OAO Novatek (NVTK) and Total SA (FP) shifted the start of liquefied natural gas production at the $20 billion Yamal LNG project in Russia’s Arctic to 2017 after delays reaching an investment decision.
The first production line, or train, will start chilling fuel to a liquid for shipment by tanker in the beginning of 2017, according to an investor presentation obtained by Bloomberg News. The venture had planned to start LNG output in the fourth quarter of 2016.
Novatek, Russia’s second-biggest gas producer, is meeting investors today before a planned Eurobond sale.
Novatek, controlled by billionaires Leonid Mikhelson and Gennady Timchenko, and the French energy producer plan to build the gas liquefaction plant on the Yamal Peninsula above the Arctic Circle, surrounded by a sea that’s locked in ice for most of the year. The plant is designed to have three trains each with capacity to produce about 5.5 million tons a year.
The Yamal LNG partners postponed a final investment decision for the project to this year after targeting the end of 2012. In October 2012, Mikhelson, who is also Novatek’s chief executive officer, said consideration of the FDI may take six to eight months with talks expected to start in December.
Mikhail Lozovoy, Novatek’s spokesman, declined to comment on the presentation.

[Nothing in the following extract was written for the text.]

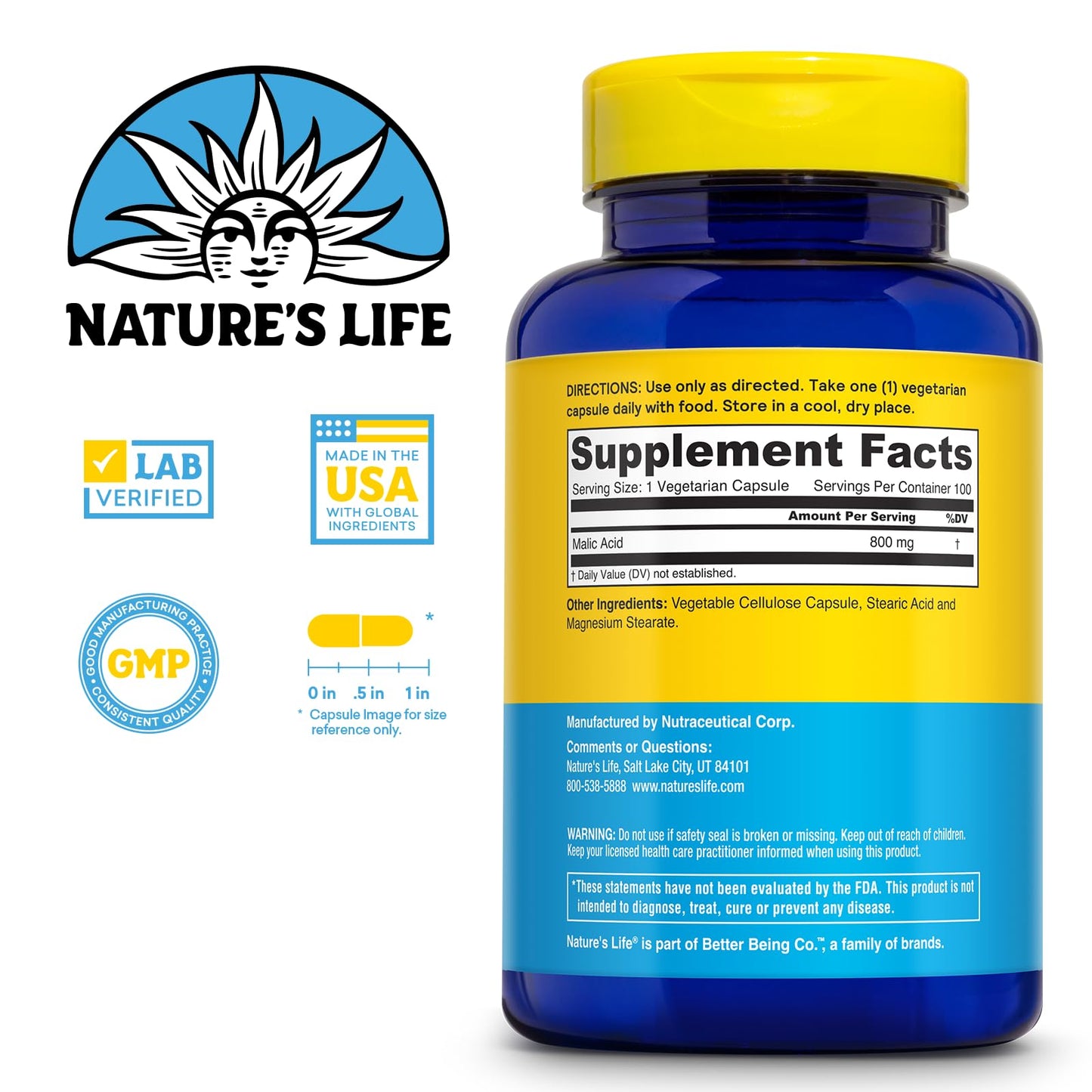 Nature's Life Malic Acid 800 mg Capsules, 100 Count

Yamal LNG is seeking to contract fuel shipments in the first half of the year, Mikhelson said at the time. The venture may also add a third partner and is talking to a number of potential partners including Electricite de France SA, the CEO said in an interview in Davos, Switzerland last week. He reiterated that Yamal LNG’s shareholder structure may not change from Novatek’s current 80 percent and Total’s 20 percent.
To spur the project’s development, Novatek applied to the government last year for the right to export LNG. OAO Gazprom (OGZD), the world’s biggest gas producer, holds a monopoly to export gas under Russian law.
The Energy Ministry submitted proposals about Novatek’s export request to the government, which will probably make a decision in the next couple of months, Deputy Energy Minister Pavel Fedorov said on Jan. 23. The oil and gas industry contribute about half of Russia’s budget revenue.
The government will have to examine the potential impact of lifting Gazprom’s monopoly, First Deputy Prime Minister Igor Shuvalov said in a Jan. 18 interview. “We need to understand whether this competition kills the price for Russian gas,” he said.